Minting Perfection

      The United States Mint produces about 700 coins per minute. They have evolved from manually striking each individual coin to mass producing coins with a series of machines and processes. It is not a surprise that many would assume that the transition from manual to machined striking would increase the accuracy and quality of the coins being produced. It is true, however, that with the faster and more efficient minting processes, the search for a perfect coin is also increasingly more difficult. A true Mint State or Proof 70 coin is a true gem and highly desired.

 

      There are several coin grading services that certify the authenticity and the condition of coins; PCGS, NGC, and ICG. These grading services use a universally accepted grading scale to do so. This scale ranges from P1, a coin so heavily worn that the features can barely be seen and is virtually flat, to MS70, a completely flawless coin. It is a common assumption that a coin should leave the mint in MS70 condition; however a majority of the coins minted at the United States Mint are less than perfect before they even make it out of the facility. Part of this can be blamed on the new, more efficient minting processes.

 

      The minting process is a six step process. The first step is blanking. Blanking is when coin blanks are punched out of large strips of metal. In the second step, annealing, the blanks are run through a washer and dryer and then exposed to heat in order to soften them. The blanks are then run through a machine, called an upsetting mill, in an upright position. This is what gives coins their prominent, raised rims. The process is called “upsetting.” In the fourth step, the coins are actually struck. In this process, the blanks are run through a coining press and given the features that make them genuine United States coins.
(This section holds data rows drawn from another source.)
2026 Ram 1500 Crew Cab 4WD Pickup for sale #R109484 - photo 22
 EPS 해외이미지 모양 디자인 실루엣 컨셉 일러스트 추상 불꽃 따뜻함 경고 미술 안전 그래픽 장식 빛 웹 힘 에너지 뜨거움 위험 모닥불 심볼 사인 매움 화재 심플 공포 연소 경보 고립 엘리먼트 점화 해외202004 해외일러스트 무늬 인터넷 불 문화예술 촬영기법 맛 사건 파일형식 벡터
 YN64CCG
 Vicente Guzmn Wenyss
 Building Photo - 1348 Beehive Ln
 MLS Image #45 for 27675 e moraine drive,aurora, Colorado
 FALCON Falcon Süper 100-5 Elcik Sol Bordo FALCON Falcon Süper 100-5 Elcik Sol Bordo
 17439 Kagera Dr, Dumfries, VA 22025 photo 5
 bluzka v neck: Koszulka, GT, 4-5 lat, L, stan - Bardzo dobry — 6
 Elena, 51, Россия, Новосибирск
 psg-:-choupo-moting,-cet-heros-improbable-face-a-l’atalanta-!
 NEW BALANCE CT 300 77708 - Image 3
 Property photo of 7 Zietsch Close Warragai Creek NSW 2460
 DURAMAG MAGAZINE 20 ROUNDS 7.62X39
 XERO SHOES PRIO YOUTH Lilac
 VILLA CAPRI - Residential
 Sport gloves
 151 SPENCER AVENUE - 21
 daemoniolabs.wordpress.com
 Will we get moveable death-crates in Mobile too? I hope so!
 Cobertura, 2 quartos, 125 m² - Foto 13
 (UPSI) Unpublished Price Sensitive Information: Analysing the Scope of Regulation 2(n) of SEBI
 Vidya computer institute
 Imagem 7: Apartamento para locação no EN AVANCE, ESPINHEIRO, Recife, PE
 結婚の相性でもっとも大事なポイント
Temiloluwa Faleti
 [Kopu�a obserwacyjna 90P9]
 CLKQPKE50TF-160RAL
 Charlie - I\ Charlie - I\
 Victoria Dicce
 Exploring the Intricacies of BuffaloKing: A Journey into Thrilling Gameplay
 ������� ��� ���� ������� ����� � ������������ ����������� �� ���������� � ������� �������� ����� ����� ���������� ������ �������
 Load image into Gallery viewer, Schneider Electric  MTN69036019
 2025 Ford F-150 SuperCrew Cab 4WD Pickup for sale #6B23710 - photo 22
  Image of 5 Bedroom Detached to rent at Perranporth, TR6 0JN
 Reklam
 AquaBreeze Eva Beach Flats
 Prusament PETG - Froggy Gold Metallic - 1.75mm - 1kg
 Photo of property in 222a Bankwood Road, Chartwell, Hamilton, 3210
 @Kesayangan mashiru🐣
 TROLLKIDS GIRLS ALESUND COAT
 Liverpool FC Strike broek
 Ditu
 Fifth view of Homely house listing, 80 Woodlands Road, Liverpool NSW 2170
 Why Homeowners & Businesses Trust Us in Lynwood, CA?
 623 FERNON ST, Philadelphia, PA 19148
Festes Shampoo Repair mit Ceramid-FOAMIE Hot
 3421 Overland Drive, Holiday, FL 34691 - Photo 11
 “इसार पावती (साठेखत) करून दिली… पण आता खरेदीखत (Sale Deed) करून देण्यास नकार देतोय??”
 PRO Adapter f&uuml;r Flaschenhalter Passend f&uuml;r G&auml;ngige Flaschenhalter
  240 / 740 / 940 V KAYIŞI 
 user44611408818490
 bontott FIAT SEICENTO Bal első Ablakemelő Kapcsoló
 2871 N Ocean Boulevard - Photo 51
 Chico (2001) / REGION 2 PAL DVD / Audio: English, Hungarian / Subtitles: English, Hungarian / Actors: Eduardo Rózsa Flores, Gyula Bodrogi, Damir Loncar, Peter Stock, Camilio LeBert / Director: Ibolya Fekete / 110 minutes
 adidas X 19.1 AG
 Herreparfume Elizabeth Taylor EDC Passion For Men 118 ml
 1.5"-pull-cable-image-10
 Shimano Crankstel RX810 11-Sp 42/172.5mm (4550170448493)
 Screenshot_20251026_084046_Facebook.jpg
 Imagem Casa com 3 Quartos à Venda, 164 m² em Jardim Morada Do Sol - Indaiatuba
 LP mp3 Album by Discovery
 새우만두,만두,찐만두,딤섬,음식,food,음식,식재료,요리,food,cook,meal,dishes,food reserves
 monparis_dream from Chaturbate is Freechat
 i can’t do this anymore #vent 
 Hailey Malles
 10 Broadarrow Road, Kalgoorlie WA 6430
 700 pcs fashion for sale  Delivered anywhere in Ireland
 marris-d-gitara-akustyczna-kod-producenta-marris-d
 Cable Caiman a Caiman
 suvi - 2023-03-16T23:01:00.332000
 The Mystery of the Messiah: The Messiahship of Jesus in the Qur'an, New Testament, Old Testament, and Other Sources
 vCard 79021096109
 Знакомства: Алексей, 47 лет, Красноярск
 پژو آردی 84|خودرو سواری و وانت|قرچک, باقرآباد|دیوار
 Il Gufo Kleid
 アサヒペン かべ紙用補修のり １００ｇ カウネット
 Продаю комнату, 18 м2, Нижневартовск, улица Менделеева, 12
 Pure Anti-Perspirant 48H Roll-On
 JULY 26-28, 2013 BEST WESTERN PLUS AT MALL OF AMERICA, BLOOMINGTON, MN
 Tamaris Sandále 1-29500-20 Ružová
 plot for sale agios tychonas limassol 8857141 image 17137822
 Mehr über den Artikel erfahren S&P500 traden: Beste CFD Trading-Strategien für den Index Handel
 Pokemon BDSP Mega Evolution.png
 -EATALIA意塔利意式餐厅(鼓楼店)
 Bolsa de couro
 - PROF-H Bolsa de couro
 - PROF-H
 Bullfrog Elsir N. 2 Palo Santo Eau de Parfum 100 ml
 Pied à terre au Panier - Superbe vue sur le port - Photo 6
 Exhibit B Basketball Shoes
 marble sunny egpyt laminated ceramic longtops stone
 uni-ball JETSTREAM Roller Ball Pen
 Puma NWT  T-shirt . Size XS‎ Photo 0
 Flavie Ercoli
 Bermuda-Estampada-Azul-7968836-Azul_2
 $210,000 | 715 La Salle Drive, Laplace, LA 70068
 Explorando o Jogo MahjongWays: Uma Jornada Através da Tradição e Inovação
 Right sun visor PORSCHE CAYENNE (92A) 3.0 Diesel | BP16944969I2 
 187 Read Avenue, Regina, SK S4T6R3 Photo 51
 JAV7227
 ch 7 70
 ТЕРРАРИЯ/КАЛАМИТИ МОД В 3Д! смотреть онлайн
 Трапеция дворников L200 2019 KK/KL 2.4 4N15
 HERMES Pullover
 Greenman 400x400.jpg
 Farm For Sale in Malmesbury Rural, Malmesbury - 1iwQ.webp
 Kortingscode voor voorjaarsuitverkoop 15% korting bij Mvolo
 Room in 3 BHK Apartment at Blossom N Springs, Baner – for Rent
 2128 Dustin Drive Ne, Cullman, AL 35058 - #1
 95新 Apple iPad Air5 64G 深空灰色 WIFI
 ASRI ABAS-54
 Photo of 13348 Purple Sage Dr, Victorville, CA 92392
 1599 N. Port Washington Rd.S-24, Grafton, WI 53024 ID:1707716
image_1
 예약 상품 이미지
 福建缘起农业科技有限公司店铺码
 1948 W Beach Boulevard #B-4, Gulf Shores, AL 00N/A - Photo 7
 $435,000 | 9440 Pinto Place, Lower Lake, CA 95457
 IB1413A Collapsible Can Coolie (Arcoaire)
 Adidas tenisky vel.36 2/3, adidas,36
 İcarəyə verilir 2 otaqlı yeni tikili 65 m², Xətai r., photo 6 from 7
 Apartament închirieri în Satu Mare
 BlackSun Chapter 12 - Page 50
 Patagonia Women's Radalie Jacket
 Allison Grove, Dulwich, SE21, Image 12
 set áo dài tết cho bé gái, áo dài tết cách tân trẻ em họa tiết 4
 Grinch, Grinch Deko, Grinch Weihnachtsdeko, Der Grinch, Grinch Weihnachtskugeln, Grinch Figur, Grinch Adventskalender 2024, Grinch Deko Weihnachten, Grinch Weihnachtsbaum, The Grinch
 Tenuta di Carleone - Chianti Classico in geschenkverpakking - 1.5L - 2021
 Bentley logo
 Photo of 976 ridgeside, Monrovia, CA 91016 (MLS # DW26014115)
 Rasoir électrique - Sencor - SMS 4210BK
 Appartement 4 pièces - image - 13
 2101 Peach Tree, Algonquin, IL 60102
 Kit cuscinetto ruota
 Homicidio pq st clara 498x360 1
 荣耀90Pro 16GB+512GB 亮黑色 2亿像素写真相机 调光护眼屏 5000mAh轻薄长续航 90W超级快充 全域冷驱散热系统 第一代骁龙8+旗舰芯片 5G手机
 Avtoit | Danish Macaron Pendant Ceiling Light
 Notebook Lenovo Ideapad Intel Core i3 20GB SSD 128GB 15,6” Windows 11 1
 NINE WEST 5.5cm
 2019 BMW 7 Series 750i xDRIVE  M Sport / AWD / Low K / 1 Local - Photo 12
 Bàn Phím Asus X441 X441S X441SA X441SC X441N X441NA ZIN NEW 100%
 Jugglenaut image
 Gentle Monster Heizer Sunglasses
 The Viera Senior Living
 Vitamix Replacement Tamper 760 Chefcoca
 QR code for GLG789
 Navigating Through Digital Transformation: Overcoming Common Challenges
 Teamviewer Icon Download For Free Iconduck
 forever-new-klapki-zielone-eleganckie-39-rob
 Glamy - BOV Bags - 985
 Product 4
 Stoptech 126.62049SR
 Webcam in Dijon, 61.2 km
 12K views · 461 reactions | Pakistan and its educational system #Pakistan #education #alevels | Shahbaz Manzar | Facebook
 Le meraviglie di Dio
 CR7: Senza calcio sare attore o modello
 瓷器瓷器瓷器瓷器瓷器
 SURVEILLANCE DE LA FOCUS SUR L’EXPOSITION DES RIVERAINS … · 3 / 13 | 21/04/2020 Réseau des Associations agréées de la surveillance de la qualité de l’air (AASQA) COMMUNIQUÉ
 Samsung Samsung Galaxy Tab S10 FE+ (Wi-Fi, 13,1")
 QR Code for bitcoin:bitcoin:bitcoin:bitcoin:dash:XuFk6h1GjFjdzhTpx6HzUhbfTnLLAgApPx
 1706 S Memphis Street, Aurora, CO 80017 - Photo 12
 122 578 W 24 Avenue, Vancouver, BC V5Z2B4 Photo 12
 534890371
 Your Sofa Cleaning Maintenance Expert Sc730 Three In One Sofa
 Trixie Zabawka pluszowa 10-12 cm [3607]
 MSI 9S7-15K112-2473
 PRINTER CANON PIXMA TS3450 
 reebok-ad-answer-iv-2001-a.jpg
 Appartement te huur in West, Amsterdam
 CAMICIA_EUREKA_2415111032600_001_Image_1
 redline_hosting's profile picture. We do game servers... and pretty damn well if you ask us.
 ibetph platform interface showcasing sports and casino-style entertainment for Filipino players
Each batch is then spot checked with a magnifying glass in the inspecting process. The final step is the counting and bagging step. The coins are dumped into a large, automatic counting machine which counts the coins and then dumps them into bags. These bags are then transported using forklifts to vaults for storage.

 

      The counting process is possibly the most damaging step in the minting process. The coins are not carefully handled which is why it is difficult for them to remain flawless. They are run through numerous machines and stored loosely in bags. When understanding the harsh processes that each coin endures during the minting process alone, it is amazing that perfect coins can somehow still exist. This is why these flawless coins are so highly desired. Even MS69 coins, the next grade level down from perfect, are desired by collectors. It is important that these coins maintain their constant appreciation by collectors, because it is a true mystery how, despite the odds, they remained perfect and completely free of flaws.